TASK TO CARRY OUT — Word for word, restate all the records; images are not part of the copy.

Segment Open

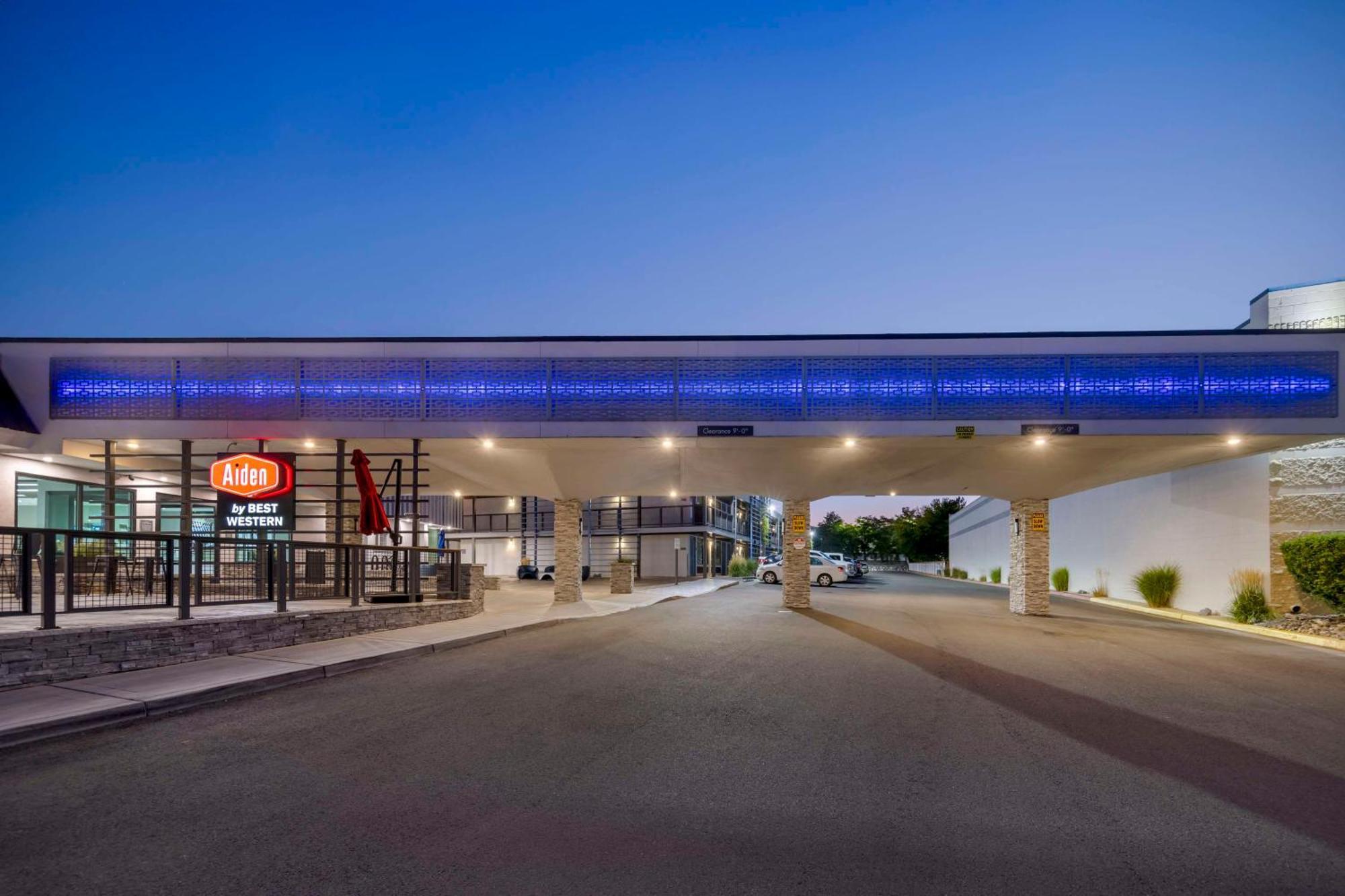 Aiden By Best Western South Reno Bagian luar foto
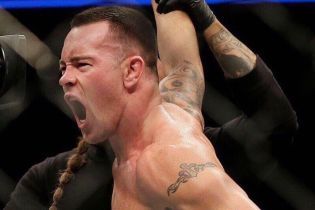 Скандальний боец UFC признался, как готовится к бою: постоянно работал над кардио в спальне с девушками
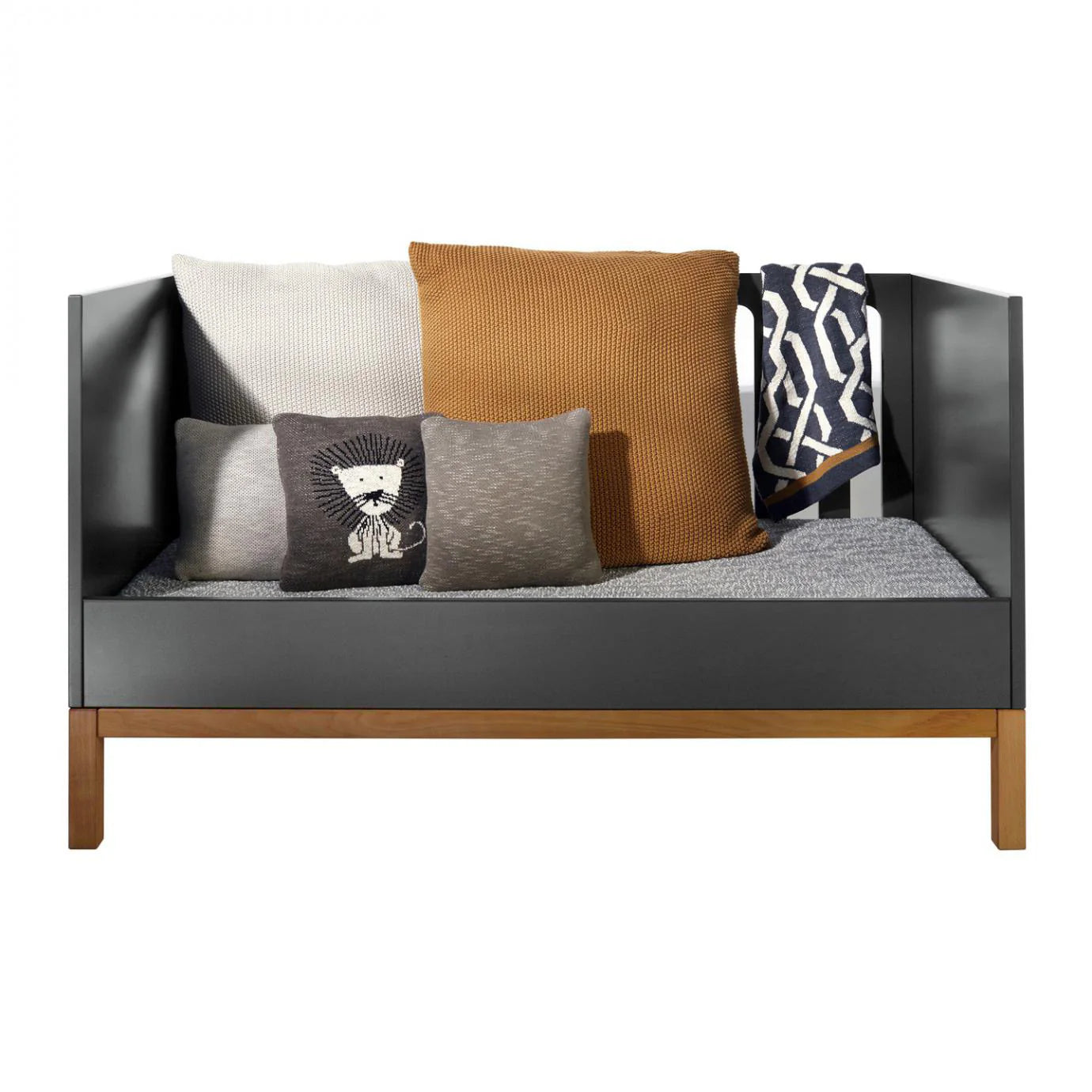 quax knitted cushion -30*30-lion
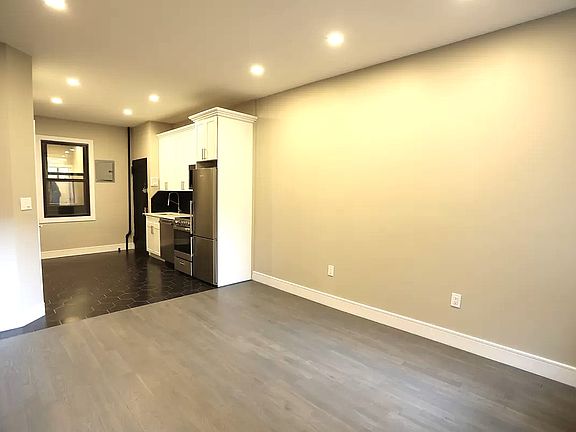 3rd image of 65 Saint Marks Pl APT 4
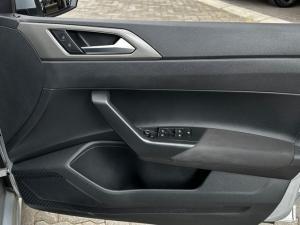 Volkswagen Polo hatch 1.0TSI Comfortline - Image 10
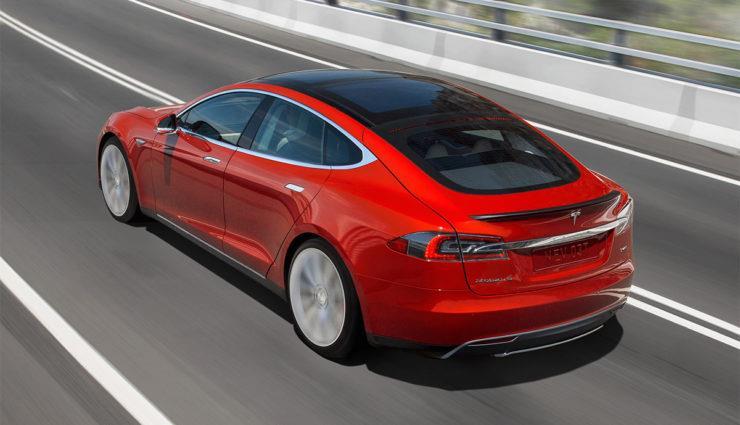 Dernière-née de la gamme, la Tesla Model S 100D est dotée d’une transmission intégrale et d’une vitesse de pointe qui culmine à 250 km/h
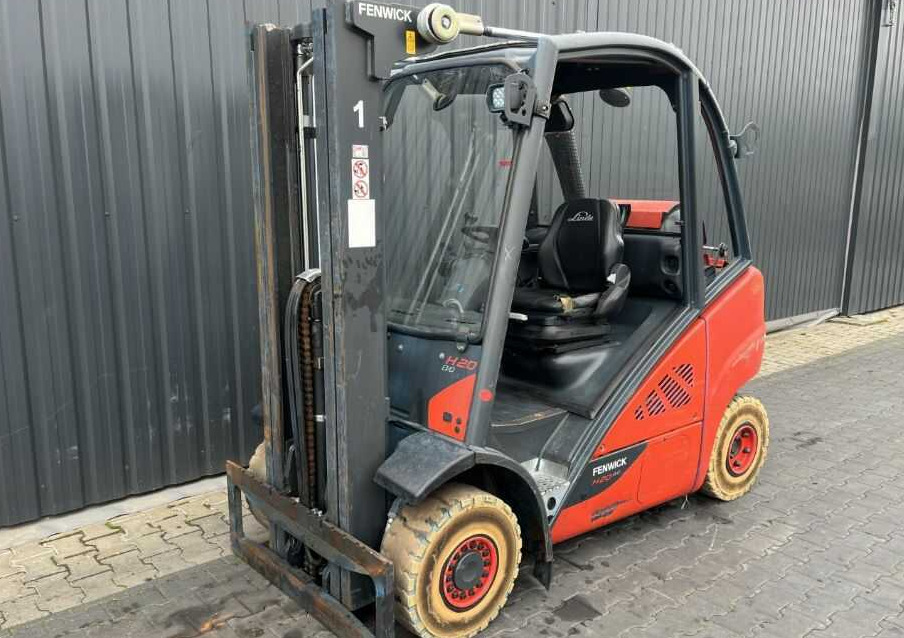 Linde H20T-02/600 - Chariot élévateur à gaz: photos 1 Linde H20T-02/600 - Chariot élévateur à gaz: photos 1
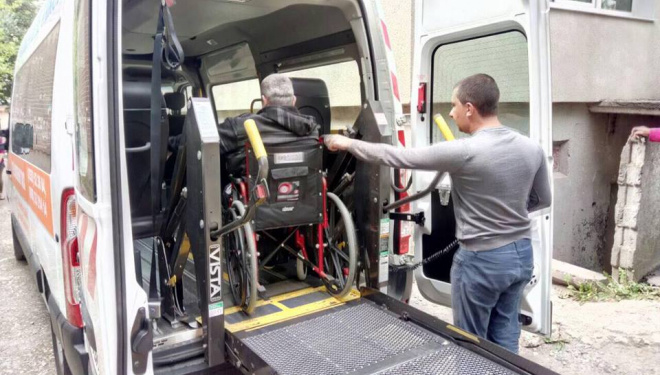 У Тернополі працює “Соціальне таксі”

Segment Closed

EXPECTED OUTPUT —
 Aiden By Best Western South Reno Bagian luar foto
 Скандальний боец UFC признался, как готовится к бою: постоянно работал над кардио в спальне с девушками
 quax knitted cushion -30*30-lion
 3rd image of 65 Saint Marks Pl APT 4
 Volkswagen Polo hatch 1.0TSI Comfortline - Image 10
 Dernière-née de la gamme, la Tesla Model S 100D est dotée d’une transmission intégrale et d’une vitesse de pointe qui culmine à 250 km/h
 Linde H20T-02/600 - Chariot élévateur à gaz: photos 1 Linde H20T-02/600 - Chariot élévateur à gaz: photos 1
 У Тернополі працює “Соціальне таксі”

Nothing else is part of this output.